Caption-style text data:
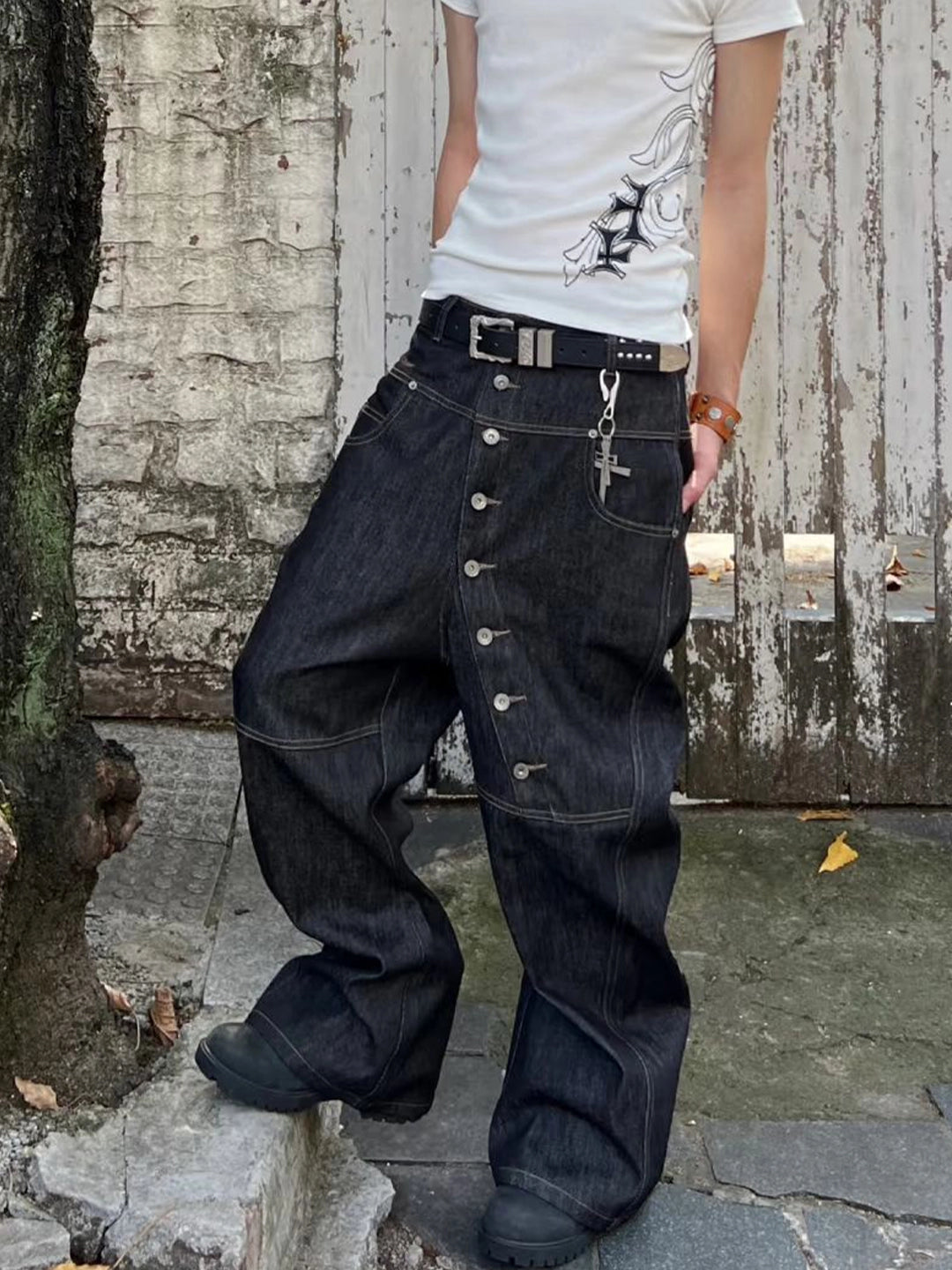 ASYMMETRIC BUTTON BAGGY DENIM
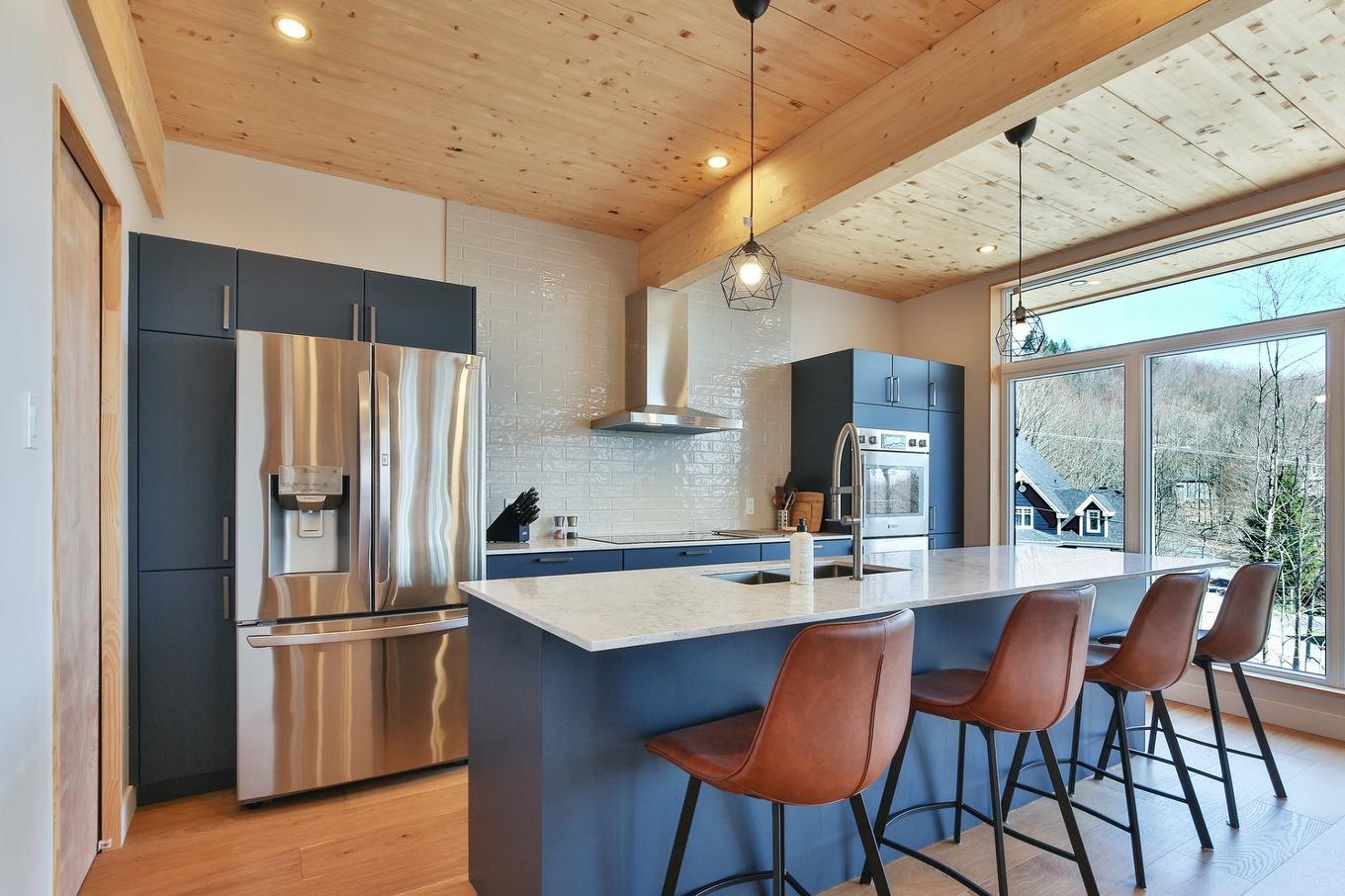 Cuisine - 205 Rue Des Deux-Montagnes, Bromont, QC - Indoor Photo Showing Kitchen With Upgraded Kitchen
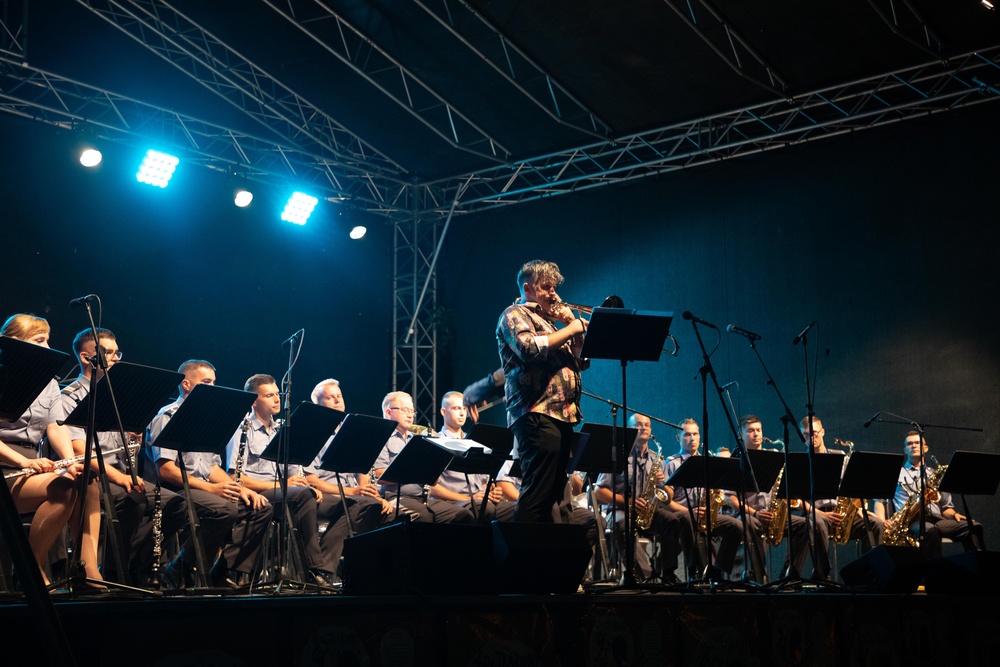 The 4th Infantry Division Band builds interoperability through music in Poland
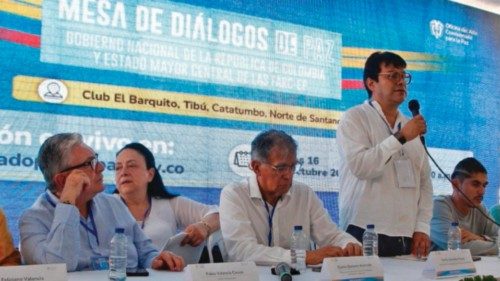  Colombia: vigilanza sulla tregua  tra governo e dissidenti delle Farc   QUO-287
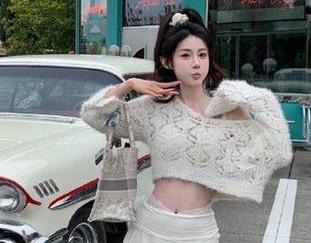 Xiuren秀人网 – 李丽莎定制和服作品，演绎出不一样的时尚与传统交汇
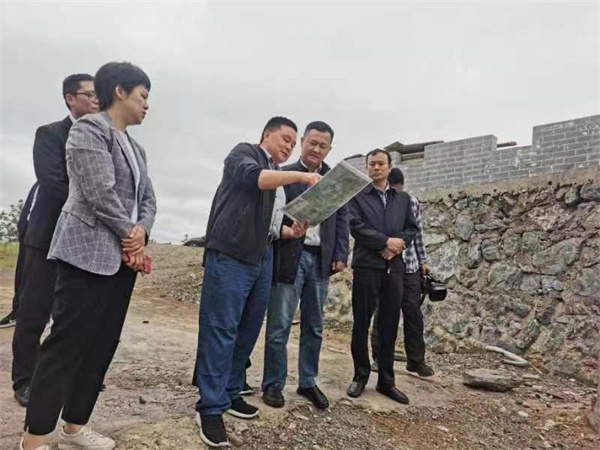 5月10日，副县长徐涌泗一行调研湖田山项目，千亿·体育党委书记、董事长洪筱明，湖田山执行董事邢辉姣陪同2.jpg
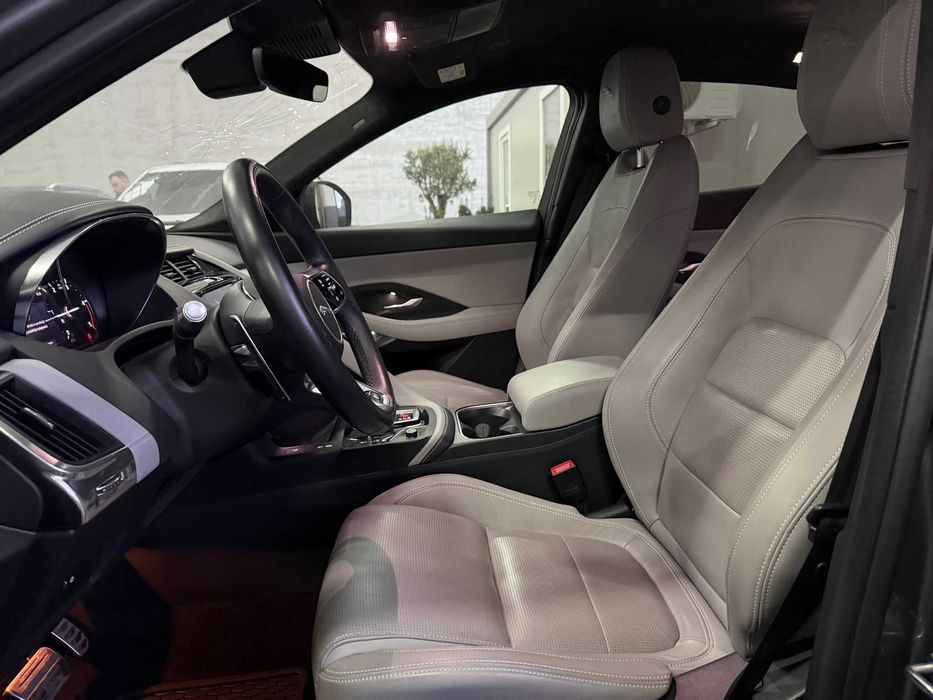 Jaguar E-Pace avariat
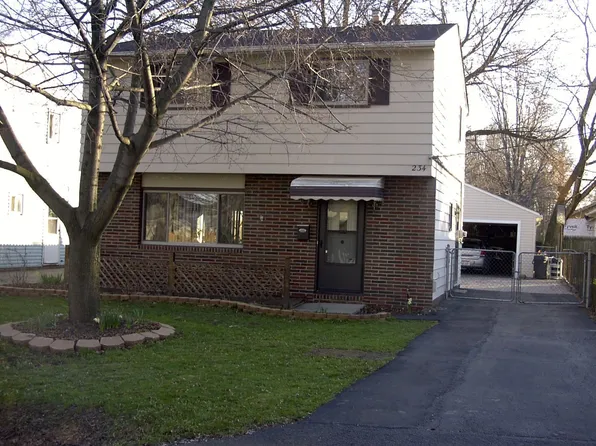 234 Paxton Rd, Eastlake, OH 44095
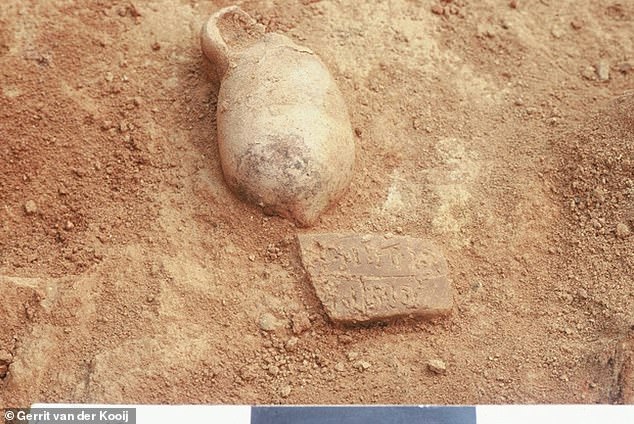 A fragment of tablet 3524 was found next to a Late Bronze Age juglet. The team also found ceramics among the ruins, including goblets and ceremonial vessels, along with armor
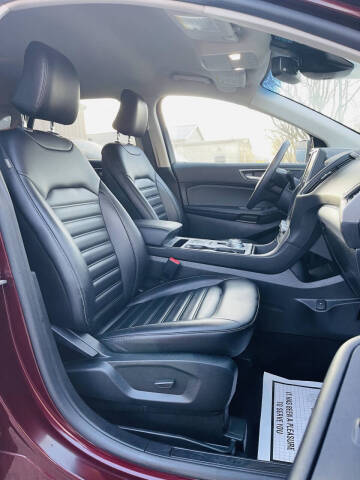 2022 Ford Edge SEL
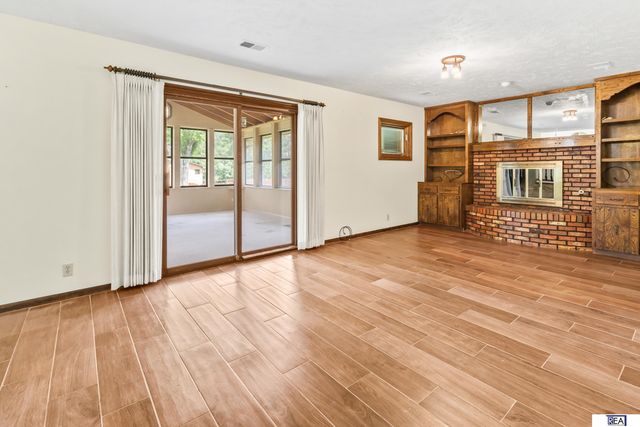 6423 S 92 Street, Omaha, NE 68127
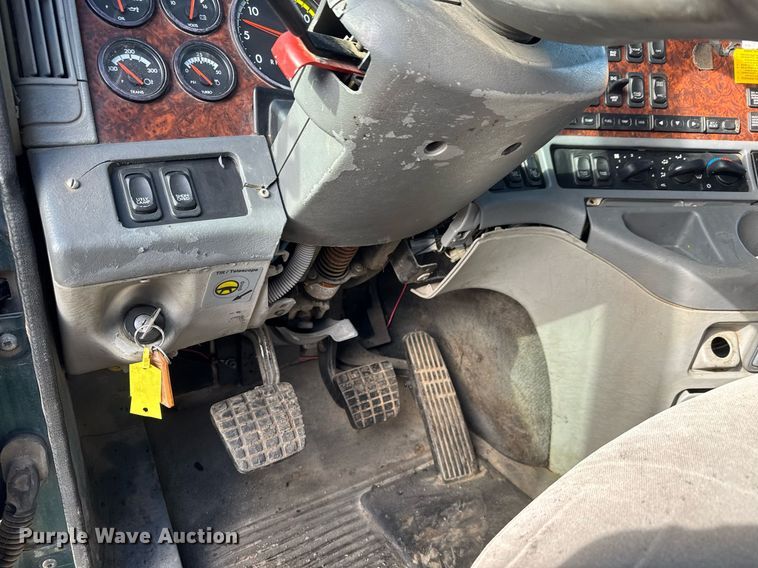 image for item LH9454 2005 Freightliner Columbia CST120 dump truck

WORK ITEM —
Retype only the lines above from the one with "Colombia: vigilanza sulla" through the last, both ends included, keeping every picture out of the copy.

EXERCISE ANSWER —
  Colombia: vigilanza sulla tregua  tra governo e dissidenti delle Farc   QUO-287
 Xiuren秀人网 – 李丽莎定制和服作品，演绎出不一样的时尚与传统交汇
 5月10日，副县长徐涌泗一行调研湖田山项目，千亿·体育党委书记、董事长洪筱明，湖田山执行董事邢辉姣陪同2.jpg
 Jaguar E-Pace avariat
 234 Paxton Rd, Eastlake, OH 44095
 A fragment of tablet 3524 was found next to a Late Bronze Age juglet. The team also found ceramics among the ruins, including goblets and ceremonial vessels, along with armor
 2022 Ford Edge SEL
 6423 S 92 Street, Omaha, NE 68127
 image for item LH9454 2005 Freightliner Columbia CST120 dump truck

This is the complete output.